WORK REQUEST
Copy exactly and only the lines running from the one that contains "hybrid, Electric/Petrol, Dark" to the final line of the data below, without the pictures.

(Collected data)
——

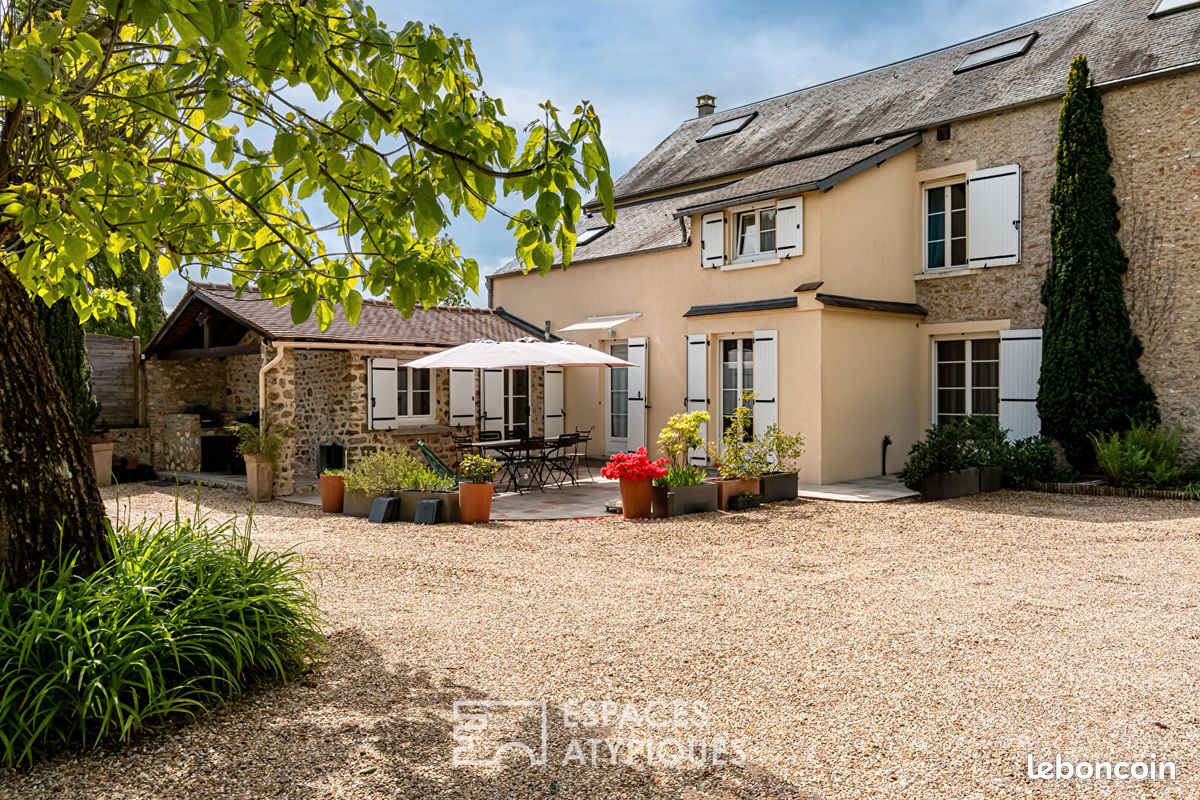 Maison 8 pièces 204 m² · à Les Essarts-le-Roi · 204 m² · 645 000 €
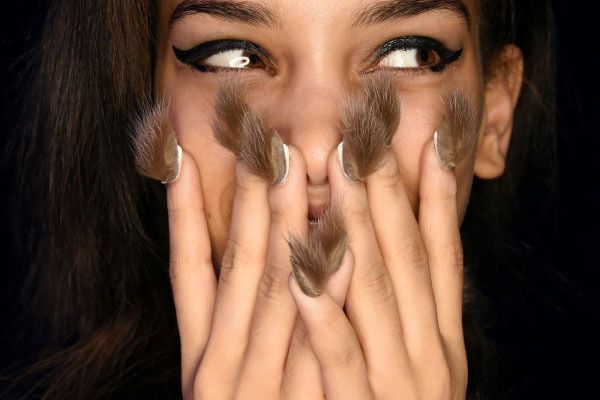 Furry Finger Nails Is the Trend Now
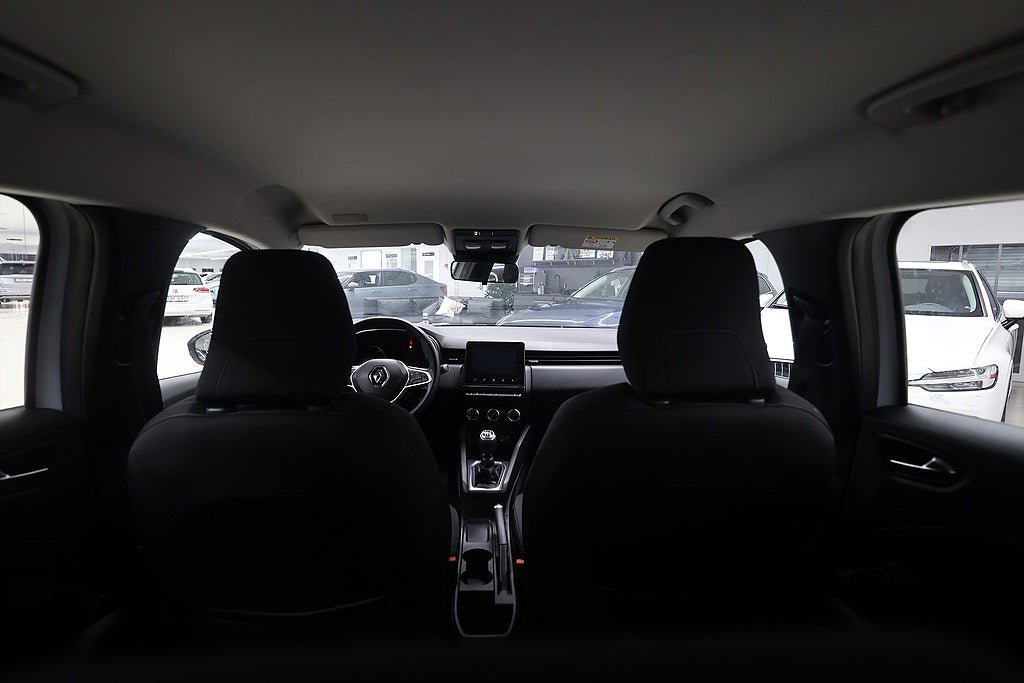 Vehicle Image 10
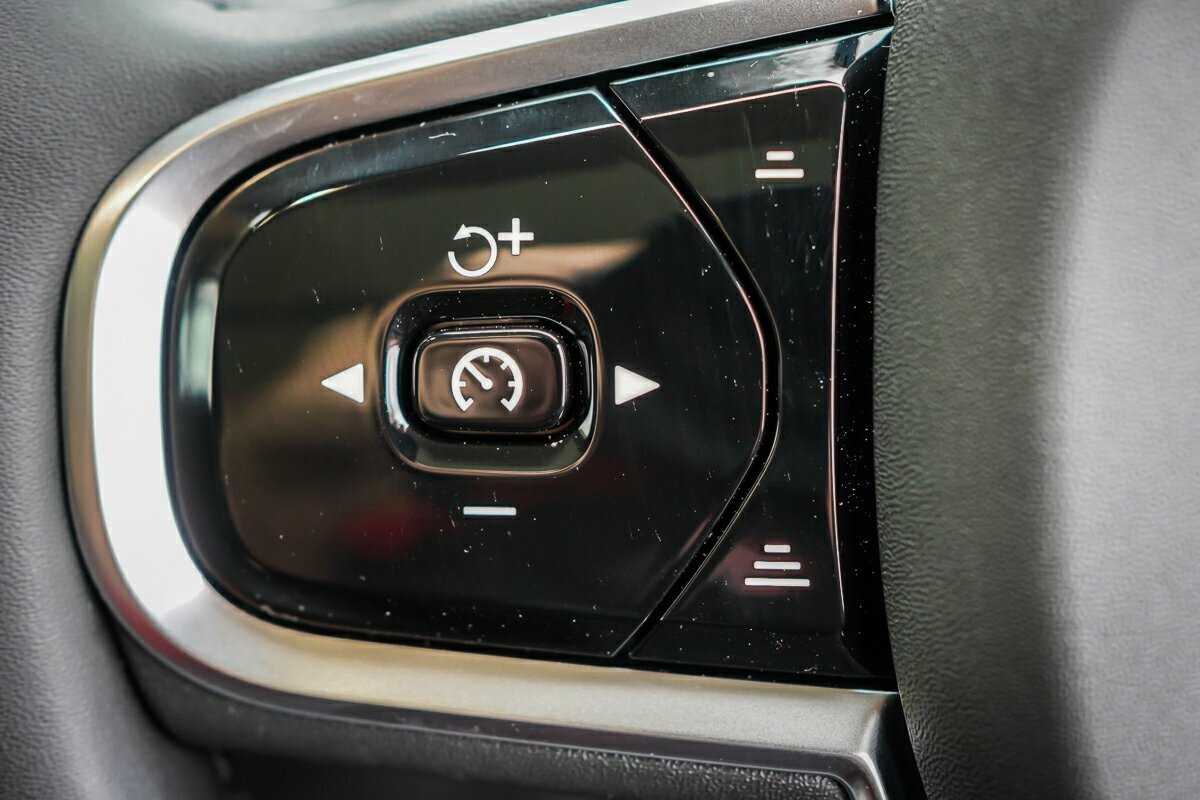 Volvo  XC60 Ultra, T8 AWD Plug-in hybrid, Electric/Petrol, Dark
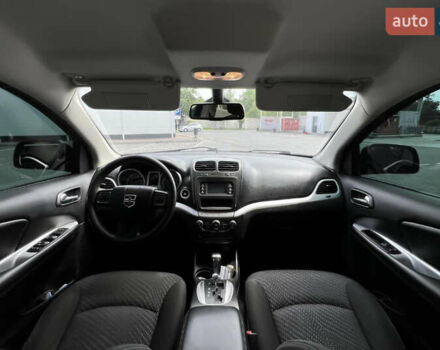 Черный Додж Джорни, объемом двигателя 2.36 л и пробегом 185 тыс. км за 12000 $, фото 2 на Automoto.ua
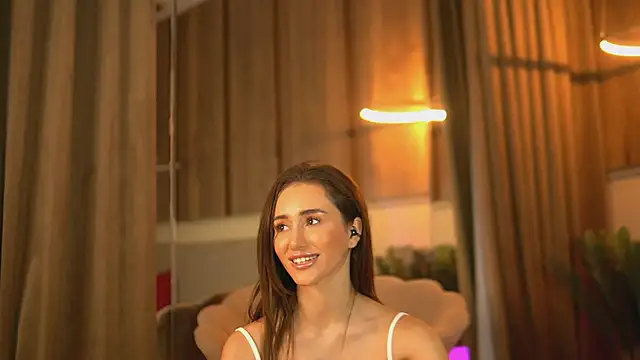 EmilyRaymont online show from 28, 2, 2025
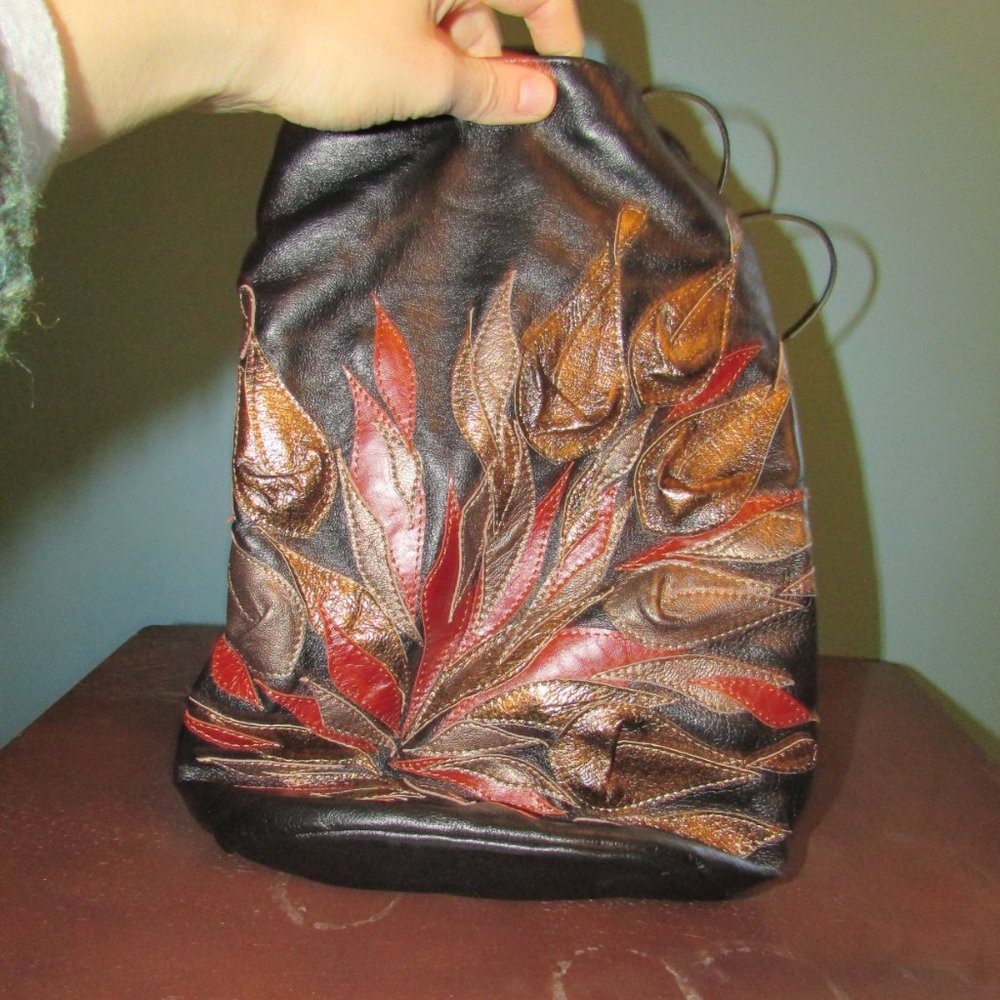 Black leather Bucket bag with flowers - Picture 2 of 5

——

EXERCISE RESPONSE
 Volvo  XC60 Ultra, T8 AWD Plug-in hybrid, Electric/Petrol, Dark
 Черный Додж Джорни, объемом двигателя 2.36 л и пробегом 185 тыс. км за 12000 $, фото 2 на Automoto.ua
 EmilyRaymont online show from 28, 2, 2025
 Black leather Bucket bag with flowers - Picture 2 of 5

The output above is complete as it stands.